# Mercury Drivers for windows 7



## vamsik (Oct 2, 2011)

Hi,

i formated my pc. i am using windows 7 and i m using mercury mother board "PI945GCM v1.0A" board 

i wanted to download the drivers for this board but i am not able to find can 

u please give me the link to download the appropriate drivers 

SOUND/AUDIO Drivers 

VGA Drivers , PCI Drivers 

LAN Drivers and Bus drivers 


thank u

Vamsi


----------



## Tyree (May 10, 2009)

I don't find any 7 drivers.


----------



## [email protected] (Nov 16, 2004)

Since you don't list your processor, I'll just give you the link: Mercury Mobo.

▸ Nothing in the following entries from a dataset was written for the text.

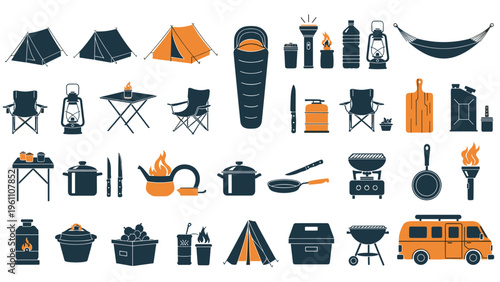 Comprehensive set of outdoor camping equipment icons including tents, lanterns, stoves, and a camper van for travel and adventure.
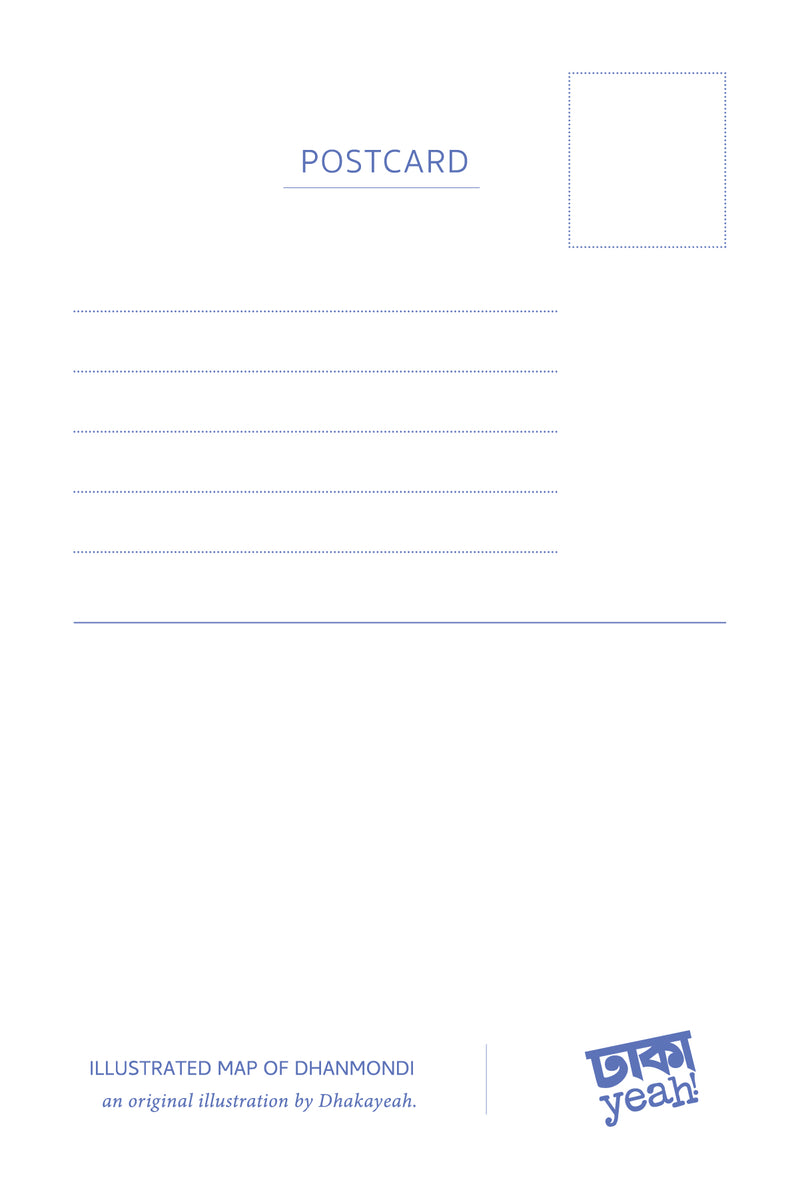 Postcard- Illustrated Map of Dhanmondi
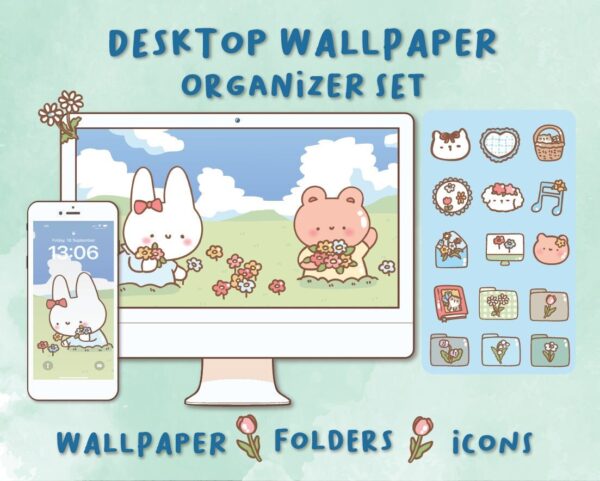 Fresh Day Desktop Wallpaper Organizer| Mac and Windows Organizer | Mac and Windows Desktop Folder Icons|Desktop Icons and Wallpapers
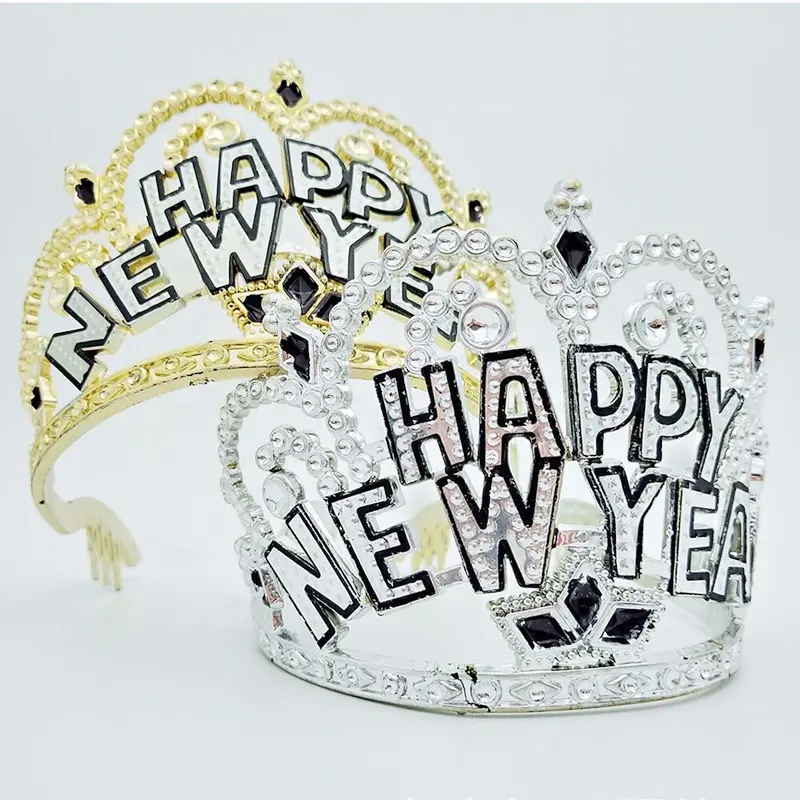 Yiwu Plastic Tiara Suppliers Happy New Year's Tiara Princess Tiara Crown Party Accessories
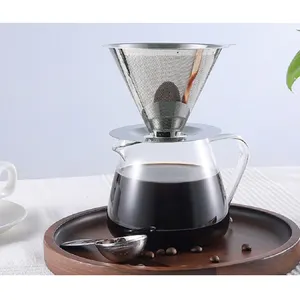 מכירה לוהטת יוצקים מעל יד בעל מבנה זכוכית קפה קנקן נירוסטה לשימוש חוזר מסנן טפטוף נייד מכונת קפה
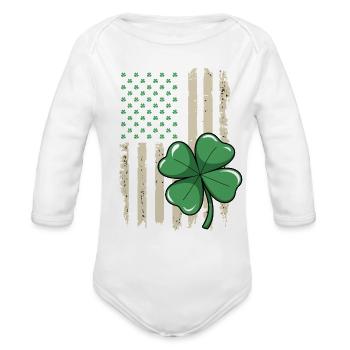 Shamrock Grunge Flag - Organic Long Sleeve Baby Bodysuit - white - Front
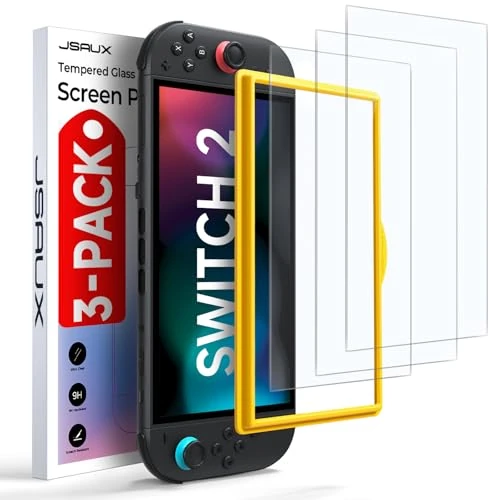 JSAUX 3-Pack Screen Protector for Nintendo Switch 2, Easy to Install with Guiding Frame Tempered Glass Ultra HD Glass Protector 9H Hardness Scratch Resistant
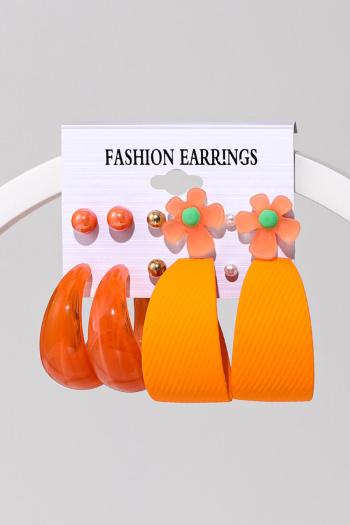 six pair new stylish acrylic pendant pearl alloy earrings(mixed length)
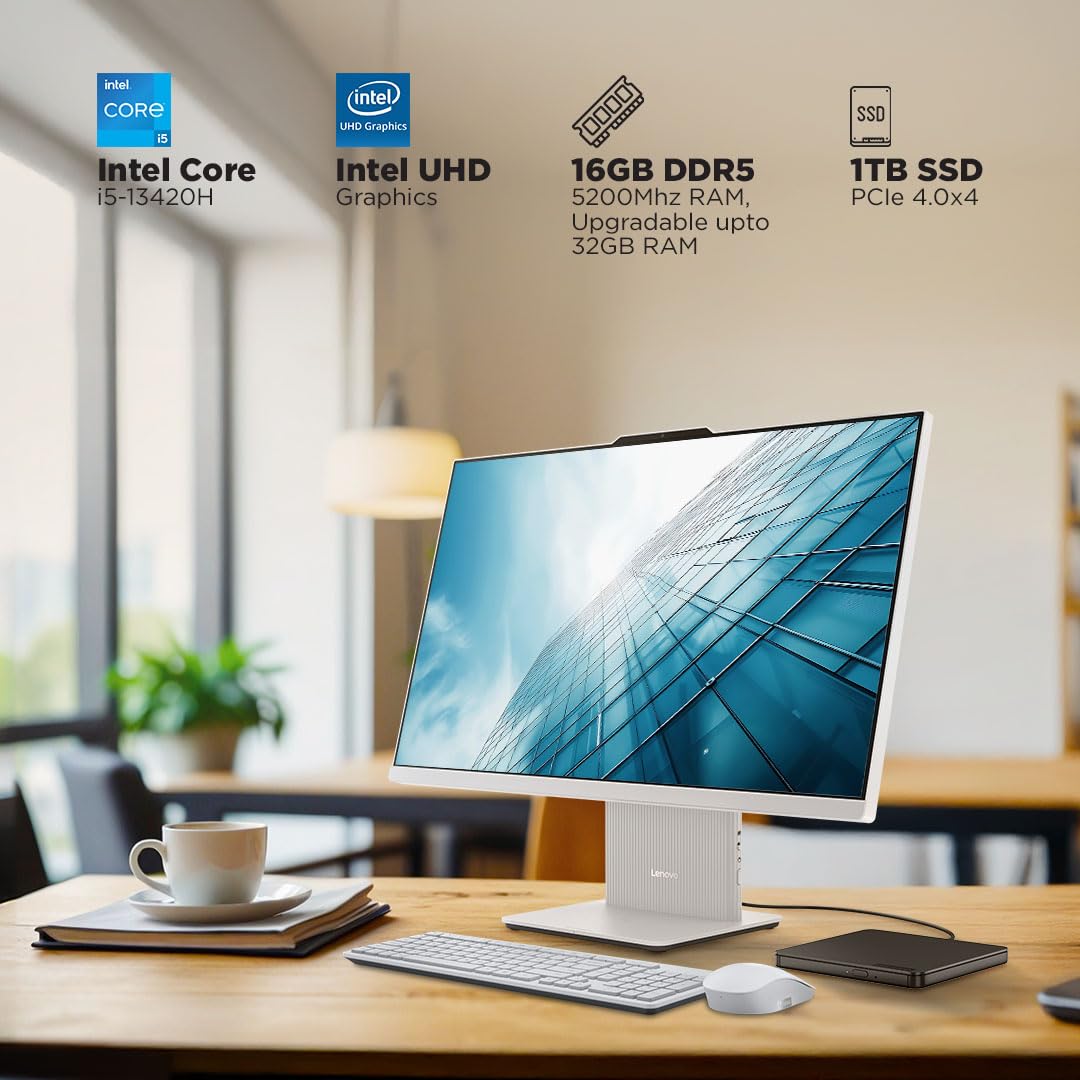 Lenovo IdeaCentre AIO Intel Core i5 13420H 27" FHD IPS 3-Side Edgeless All-in-One Desktop with Alexa Built-in (16GB/1TB SSD/Win11/Office 2021/5.0MP+IR Camera/Wireless EOS Keyboard & Mouse), F0HM003CIN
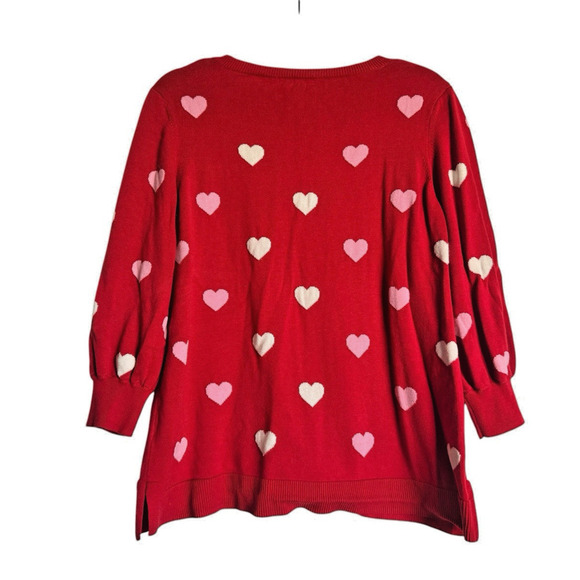 Adrianna‎ Papell Sz XL Crewneck Sweater Hearts Coquette Feminine Cottagecore - Picture 2 of 7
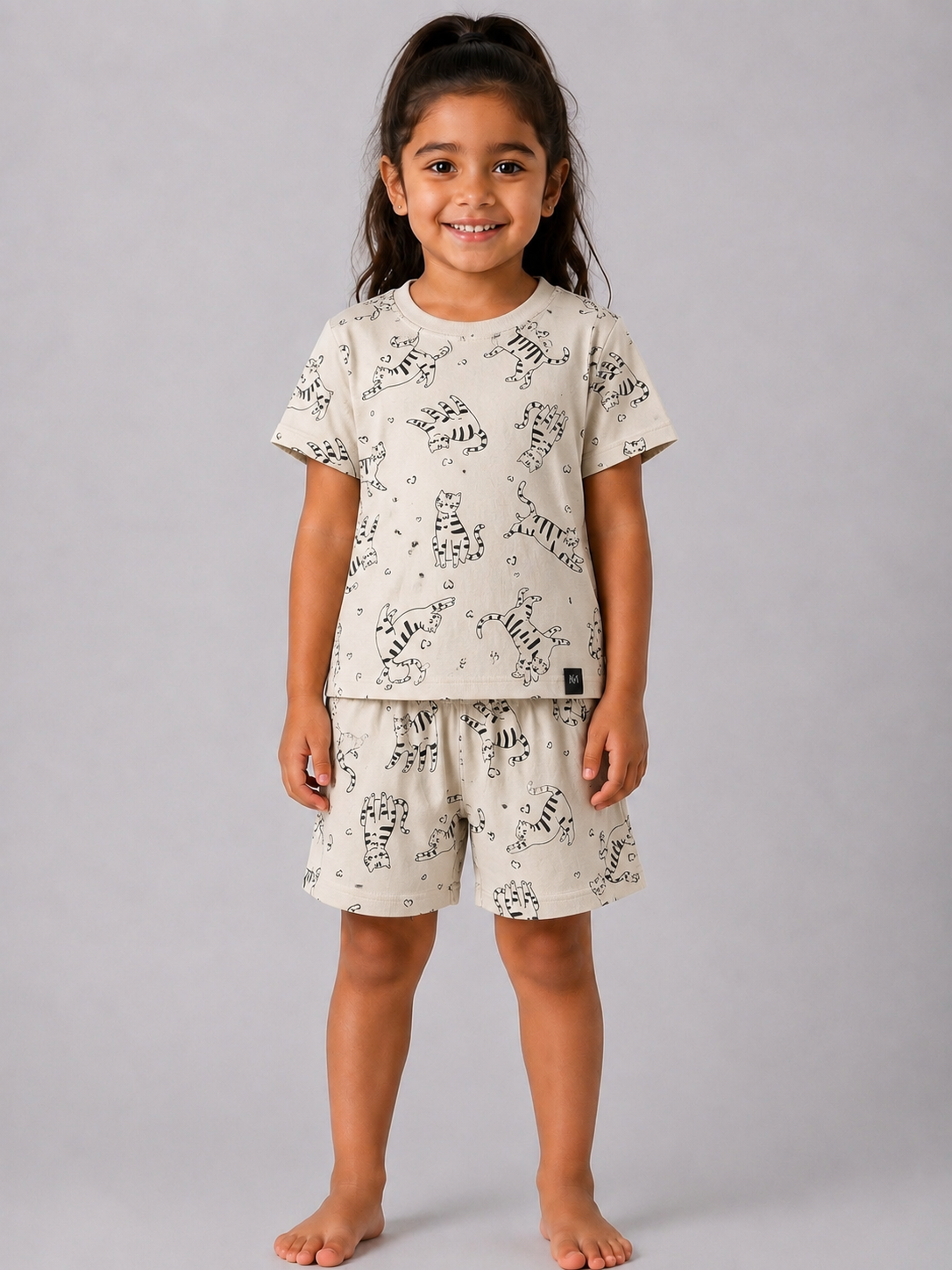 Cream Cat Coord Set (Unisex)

Without more details of what you have, like the CPU for instance, I can't drill down to find what you need. There are scant details on their website about OS's. 

Good luck!


----------



## Tyree (May 10, 2009)

Is the PC OEM (Dell-HP-etc.)?
Are you certain you posted the correct Mobo Model Number?
I find no drivers available for any OS on Mercury's site using the Mobo Model Number (PI945GCM v1.0A) you posted.
Mercury - Expect More

I found this page but there is no indication of any particular OS. 
Mercury - Expect More


----------



## sinaps1 (Oct 3, 2011)

Hi vamsik
I will sugesst that you go to Device Manager and find the driver you need (generally with a yellow "?". maybe VGA driver will not show a yellow "?" so it will be named VGA driver without a specific name) and go to properties of every driver you need and go to driver details and write down the driver details maybe Can find drivers to let you install them manually..


----------